* _Required work_:
Please reproduce the listing in its entirety, exactly as written, but without images.

* _Recorded information_:
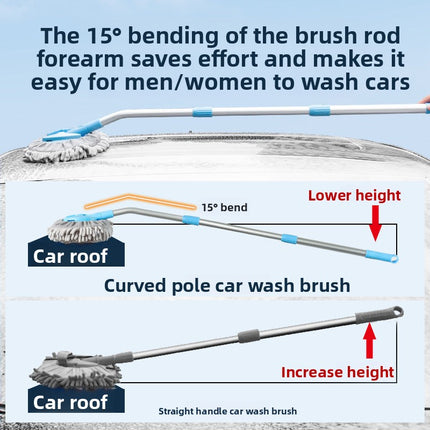 Adjustable Telescoping Car Wash Brush with Angled Handle for Effortless Cleaning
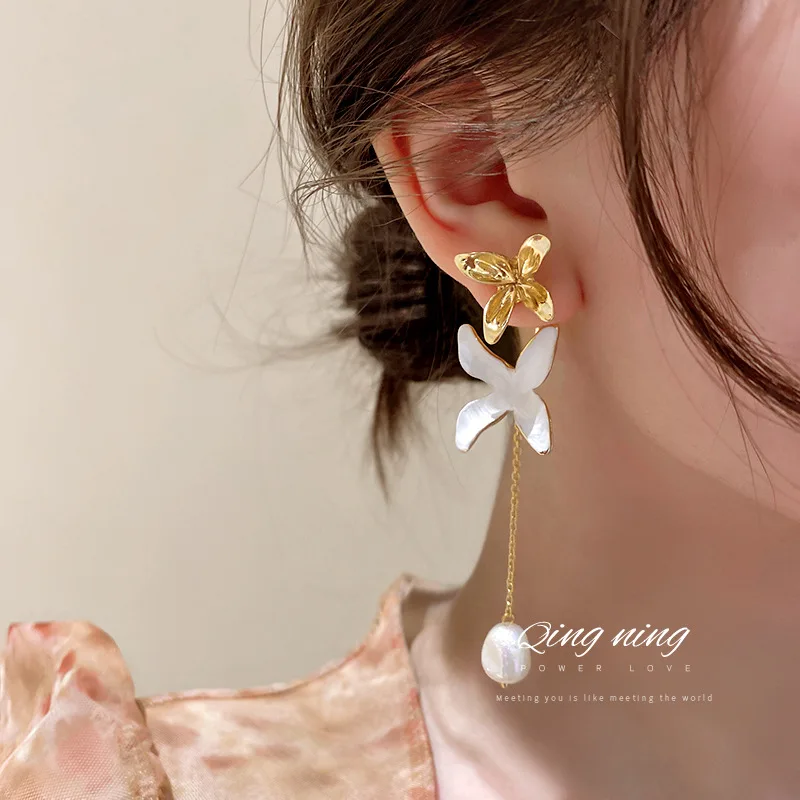 

925 Silver Needle Korea East Gate Fashion Set Zircon Tassel Flowers Asymmetric Earrings Net Red Temperament Women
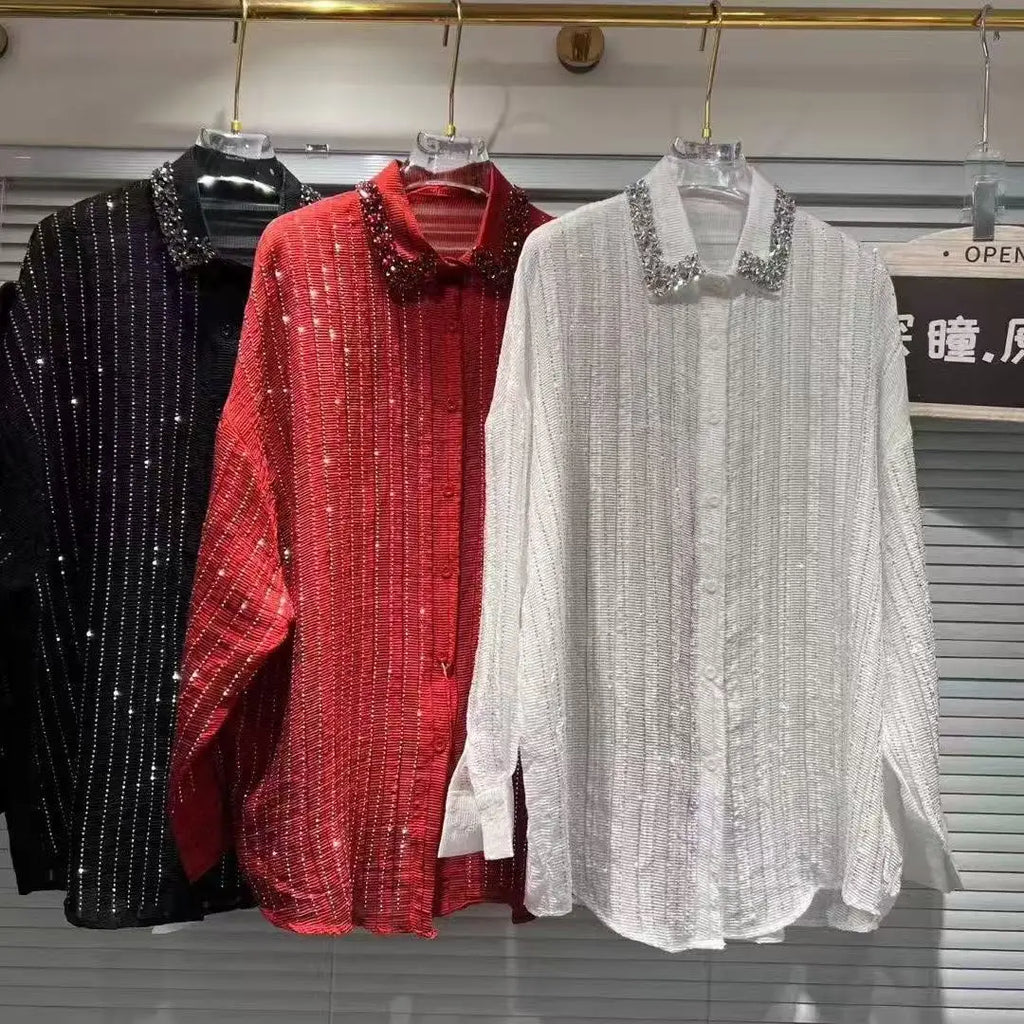 Three button-down shirts in black, red, and white, featuring vertical rhinestone stripes and jewelled collars.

* _Solution to this problem_:
 Adjustable Telescoping Car Wash Brush with Angled Handle for Effortless Cleaning

925 Silver Needle Korea East Gate Fashion Set Zircon Tassel Flowers Asymmetric Earrings Net Red Temperament Women
 Three button-down shirts in black, red, and white, featuring vertical rhinestone stripes and jewelled collars.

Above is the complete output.